**Exercise:** Every line of the listing below should be written out exactly, minus its pictures.

**Input data:**
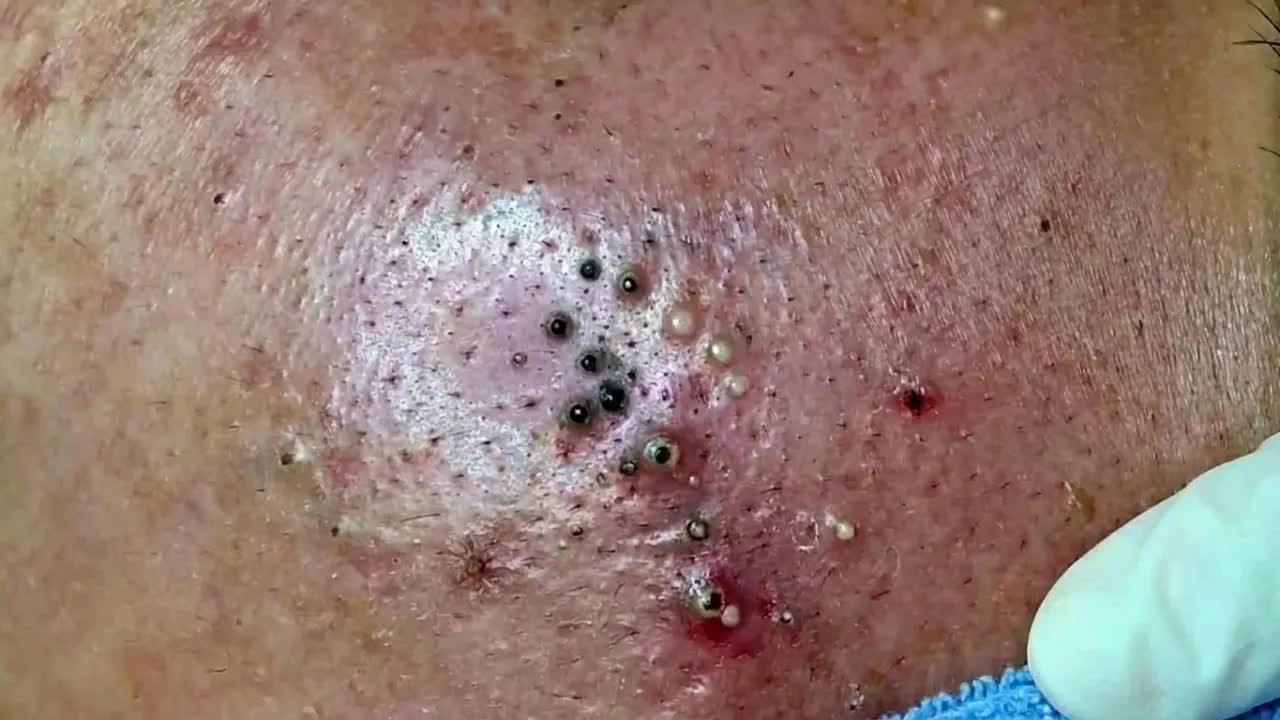 Удаление чёрных точек в Sac Dep Spa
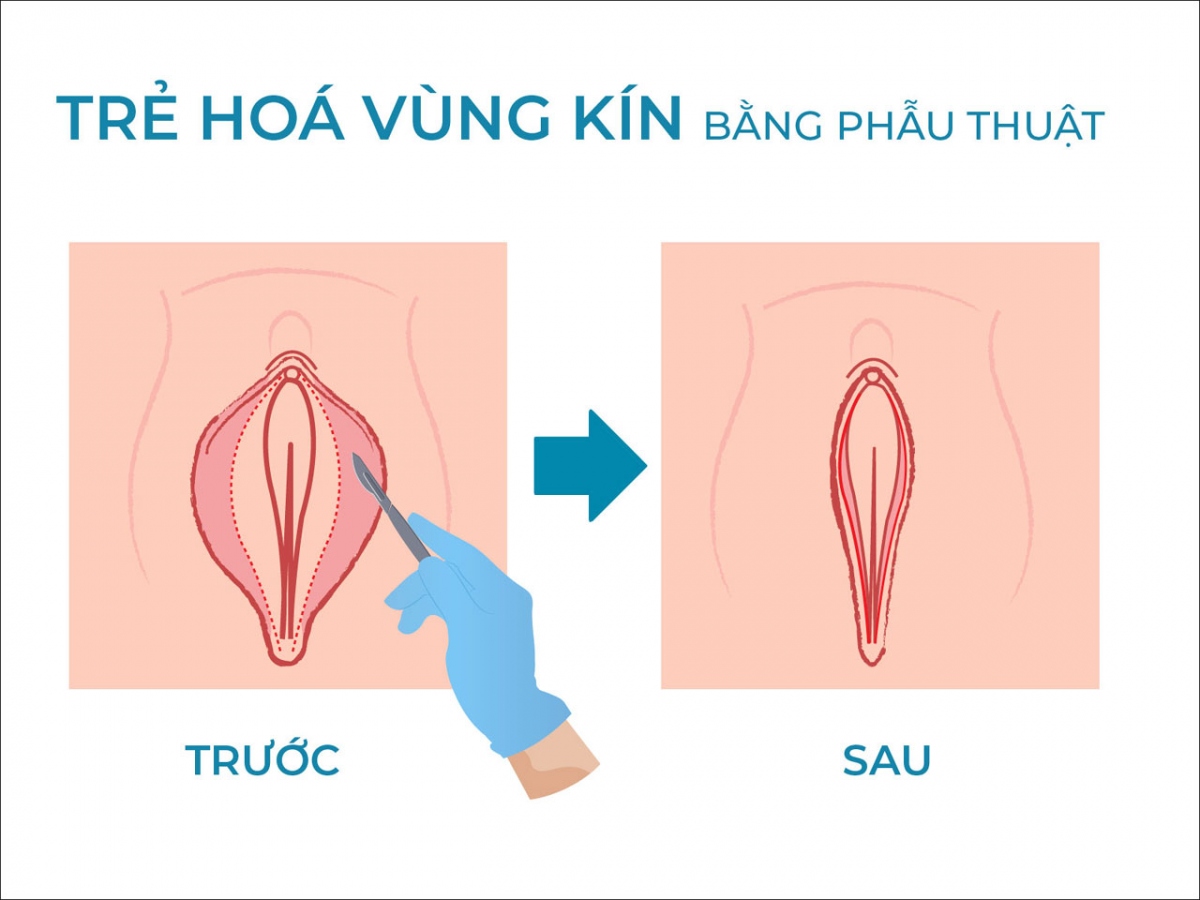 Thẩm mỹ vùng kín cải thiện kích thước, hình dáng, sự đàn hồi của vùng kín, đồng thời hỗ trợ lấy lại cảm giác tại khu vực này cho chị em phụ nữ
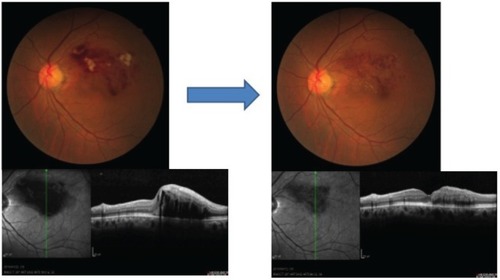 Figure 2 Case two: fundus and optical coherence tomographic images of a 62-year-old woman with BRVO before and after treatment of her systemic hypertension with an angiotensin II blocker.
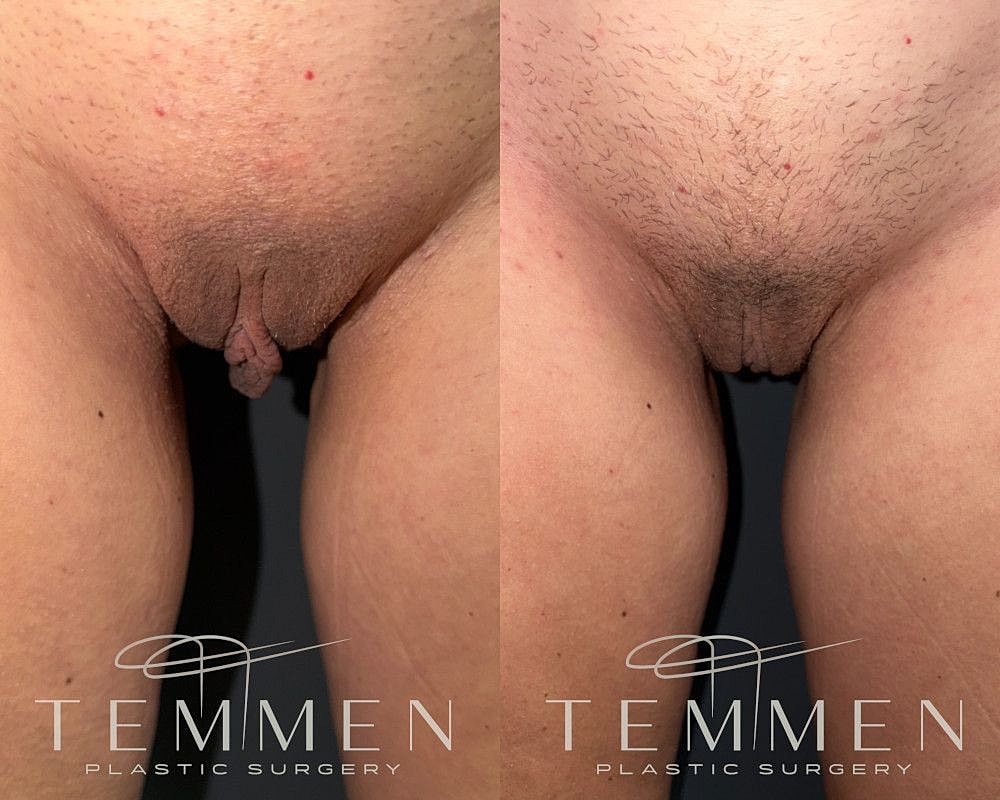 Labiaplasty Before & After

**Exercise solution:**
 Удаление чёрных точек в Sac Dep Spa
 Thẩm mỹ vùng kín cải thiện kích thước, hình dáng, sự đàn hồi của vùng kín, đồng thời hỗ trợ lấy lại cảm giác tại khu vực này cho chị em phụ nữ
 Figure 2 Case two: fundus and optical coherence tomographic images of a 62-year-old woman with BRVO before and after treatment of her systemic hypertension with an angiotensin II blocker.
 Labiaplasty Before & After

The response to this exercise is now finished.